Nazi Caricatures Are Returning to Ohio

Photo Credit: Combat Antisemitism

On Tuesday, a sticker of a hook-nosed caricature, a relic of Der Stürmer, pointing at the rising price of unleaded at an Ohio gas station. Underneath, in dripping red letters, is a blunt, ancient accusation: “THE JEWS DID THIS!”  This is not Nazi Germany. It is Ohio in 2026.

You are looking at a breach in the American moral consensus. For decades, we operated under a set of “guardrails.” We believed that certain doors were locked, that certain hatreds were too radioactive for the public square. That consensus once secured that Jews have a place in this country. Today, that door is standing wide open.

But those guardrails didn’t just fail; they were dismantled. And they were dismantled by a pincer movement of two competing, yet oddly symbiotic, radicalisms.

The first half of the pincer began in Ohio’s ivory towers. In the wake of October 7th, the ‘progressive’ vanguard stood by as radicals rebranded Jews—now conveniently labeled ‘Zionists’—as the world’s quintessential ‘genocidal settlers’ and ‘hyperwhite oppressors.’ This wasn’t just a shift in campus vocabulary; it was a tactical dismantling of our moral defenses. By transforming the ‘Zionist’ into a singular symbol of Western sin, the radicals effectively lowered the social cost of dehumanization. They provided the ‘enlightened’ classes with a moral pretext to revoke the Jewish community’s standing in our most elite spaces. This was the first deep crack in Ohio’s moral foundation.

The radical right was paying attention. They didn’t need to invent a new villain; they simply picked up the caricature the left had validated and stripped away the academic euphemisms. If one side of the political aisle says Jews are a “ruling class” manipulating the world’s misery, the other side feels perfectly comfortable pointing at the gas pump and saying, “The Jews did this.”

What we are witnessing in Ohio—from swastikas on dorm doors in Oxford to the “Happy Merchant” on a gas pump in Glen Echo—is a race to the bottom. We are watching two “competitive revolutions” vying for the collapse of the Ohio’s moral center. Both sides view the Jew as the ultimate symbol of the system they wish to destroy. Both sides are “accelerationists,” betting that in the ensuing chaos, their specific brand of illiberalism will inherit the ruins of Ohio.

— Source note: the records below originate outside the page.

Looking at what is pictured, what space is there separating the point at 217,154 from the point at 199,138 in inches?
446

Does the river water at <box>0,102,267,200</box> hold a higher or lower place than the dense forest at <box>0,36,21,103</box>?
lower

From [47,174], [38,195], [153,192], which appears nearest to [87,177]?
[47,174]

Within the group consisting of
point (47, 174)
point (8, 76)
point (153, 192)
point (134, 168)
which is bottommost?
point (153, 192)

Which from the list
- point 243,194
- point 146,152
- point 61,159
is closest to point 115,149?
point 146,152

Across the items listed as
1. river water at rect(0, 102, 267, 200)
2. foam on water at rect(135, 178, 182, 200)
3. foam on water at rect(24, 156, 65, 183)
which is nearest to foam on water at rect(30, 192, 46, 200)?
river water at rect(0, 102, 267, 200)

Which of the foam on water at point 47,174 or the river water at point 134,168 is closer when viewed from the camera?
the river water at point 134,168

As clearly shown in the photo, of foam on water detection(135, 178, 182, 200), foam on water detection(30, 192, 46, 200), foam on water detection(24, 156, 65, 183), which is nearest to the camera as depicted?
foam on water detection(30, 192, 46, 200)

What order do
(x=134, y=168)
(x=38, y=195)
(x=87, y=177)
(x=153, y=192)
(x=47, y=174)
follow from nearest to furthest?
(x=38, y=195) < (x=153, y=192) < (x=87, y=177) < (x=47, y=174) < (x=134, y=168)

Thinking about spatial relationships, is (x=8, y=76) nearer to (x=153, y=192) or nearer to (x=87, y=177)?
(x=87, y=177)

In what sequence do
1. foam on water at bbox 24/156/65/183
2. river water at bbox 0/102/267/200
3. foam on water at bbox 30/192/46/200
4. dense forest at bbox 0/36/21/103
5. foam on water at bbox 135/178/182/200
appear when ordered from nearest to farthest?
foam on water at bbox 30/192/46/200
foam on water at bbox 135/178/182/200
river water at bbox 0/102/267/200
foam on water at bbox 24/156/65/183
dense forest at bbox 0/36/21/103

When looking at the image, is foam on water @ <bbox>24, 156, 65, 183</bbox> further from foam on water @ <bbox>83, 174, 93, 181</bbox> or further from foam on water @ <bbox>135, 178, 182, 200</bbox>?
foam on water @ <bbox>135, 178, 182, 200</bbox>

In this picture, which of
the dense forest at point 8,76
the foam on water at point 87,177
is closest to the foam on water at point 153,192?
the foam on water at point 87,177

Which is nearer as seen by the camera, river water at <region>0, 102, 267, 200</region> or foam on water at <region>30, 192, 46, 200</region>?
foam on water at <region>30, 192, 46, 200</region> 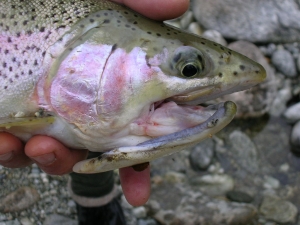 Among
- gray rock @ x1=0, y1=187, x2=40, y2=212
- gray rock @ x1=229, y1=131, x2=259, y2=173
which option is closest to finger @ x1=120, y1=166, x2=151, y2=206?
gray rock @ x1=0, y1=187, x2=40, y2=212

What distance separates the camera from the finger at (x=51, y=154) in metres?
1.61

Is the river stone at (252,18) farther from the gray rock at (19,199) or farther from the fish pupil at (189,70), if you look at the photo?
→ the fish pupil at (189,70)

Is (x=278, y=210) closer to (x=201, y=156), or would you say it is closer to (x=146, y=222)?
(x=201, y=156)

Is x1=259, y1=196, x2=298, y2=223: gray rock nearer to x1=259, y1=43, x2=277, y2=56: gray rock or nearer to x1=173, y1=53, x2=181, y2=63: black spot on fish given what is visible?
x1=259, y1=43, x2=277, y2=56: gray rock

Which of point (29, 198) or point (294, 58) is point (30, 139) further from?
point (294, 58)

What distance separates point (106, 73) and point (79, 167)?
14.3 inches

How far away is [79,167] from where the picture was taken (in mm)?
1597

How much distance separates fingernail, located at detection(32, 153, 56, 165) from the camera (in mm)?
1635

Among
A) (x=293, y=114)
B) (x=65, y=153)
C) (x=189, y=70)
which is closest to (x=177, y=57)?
(x=189, y=70)

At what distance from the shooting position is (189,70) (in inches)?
60.4

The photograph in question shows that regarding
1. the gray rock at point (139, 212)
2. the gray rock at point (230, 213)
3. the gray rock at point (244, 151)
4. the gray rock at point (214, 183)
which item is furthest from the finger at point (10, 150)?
the gray rock at point (244, 151)

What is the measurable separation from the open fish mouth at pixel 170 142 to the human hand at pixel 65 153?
0.69 ft

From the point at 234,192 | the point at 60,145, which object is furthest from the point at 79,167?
the point at 234,192

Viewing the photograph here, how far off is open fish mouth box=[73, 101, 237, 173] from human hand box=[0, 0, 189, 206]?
0.69 ft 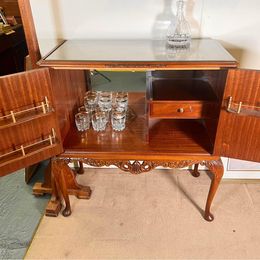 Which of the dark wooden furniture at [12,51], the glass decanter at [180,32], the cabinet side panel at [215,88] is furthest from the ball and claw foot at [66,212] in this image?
the dark wooden furniture at [12,51]

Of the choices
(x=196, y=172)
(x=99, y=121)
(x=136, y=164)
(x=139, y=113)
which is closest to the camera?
(x=136, y=164)

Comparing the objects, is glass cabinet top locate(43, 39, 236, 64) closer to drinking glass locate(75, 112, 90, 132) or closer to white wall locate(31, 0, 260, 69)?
white wall locate(31, 0, 260, 69)

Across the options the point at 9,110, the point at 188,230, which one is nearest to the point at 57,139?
the point at 9,110

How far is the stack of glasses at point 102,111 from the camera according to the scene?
3.96 feet

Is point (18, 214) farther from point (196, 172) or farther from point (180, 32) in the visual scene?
point (180, 32)

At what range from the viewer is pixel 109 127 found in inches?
48.9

As a Jewish reporter in the heartland, I am telling you: the ghosts of the 1930s are back because we opened the door for them. We traded a shared moral standard for ideological convenience. We allowed our “moral immune system” to rot, thinking we were only targeting our political enemies.

But the sticker on the pump doesn’t care about your politics. It is a reminder that when you destroy the guardrails that protect one group, you destroy the peace that protects us all. The breach is open. The question is whether we still have the courage to close it.